Database system is an ideal location to process analytic workloads because of some reasons; distance between storage and processors, flexible data handling before or after the heavy calculations, data integrity and consistency by schema definition, and so on.
Therefore, we can expect the fusion of HPC grade power within database systems may become a game changer on the analytics area.
The major topic of this talk is PL/CUDA that is a new feature of PG-Strom.
PG-Strom is an extension of PostgreSQL, to off-load various CPU intensive SQL workloads, like join, aggregation or projection, into GPU devices transparently. It has been developed and improved for 4 years, by the presenter.
PL/CUDA allows to embed special tuning into the GPU code to run user’s specific calculation and algorithms, using the infrastructure of user defined SQL functions.

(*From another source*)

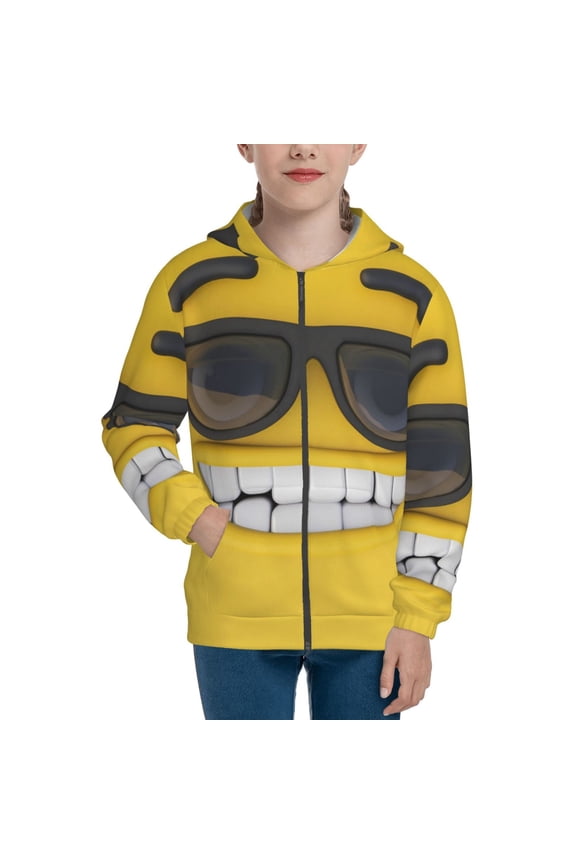 Smiling With Sunglasses Teenage Zipper Hoodie, Long Sleeve Zip Up Hoodies Casual Jackets Tops for 7-12 Years-Medium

We will present two special cases implemented using PL/CUDA. One is a similarity search on the drug discovery area, and the other is unsupervised classification (k-means clustering) on the data-mining area. It shows advantages of GPU adoption within database system for analytics.
This talk also covers the deeper integration with PostgreSQL in the future version; like a sparse-matrix support, CPU-GPU hybrid parallel and so on.
About the Speaker
KaiGai has about 10 year experiences for the core PostgreSQL development, and contributed various security features, FDW enhancement, Custom-scan interface, and so on.
He also launched PG-Strom project 4 years before. This OSS extension tries to off-load CPU intensive workloads into GPU devices, to utilize the latest outcome of the semiconductor’s evolution on the existing database systems.
Nowadays, he leads this open source project and also works on the in-company startup that tries to leverage this technology.
Our expected audience is application developers who are interested in data-analytics leveraging PostgreSQL. No special knowledge for GPU is required.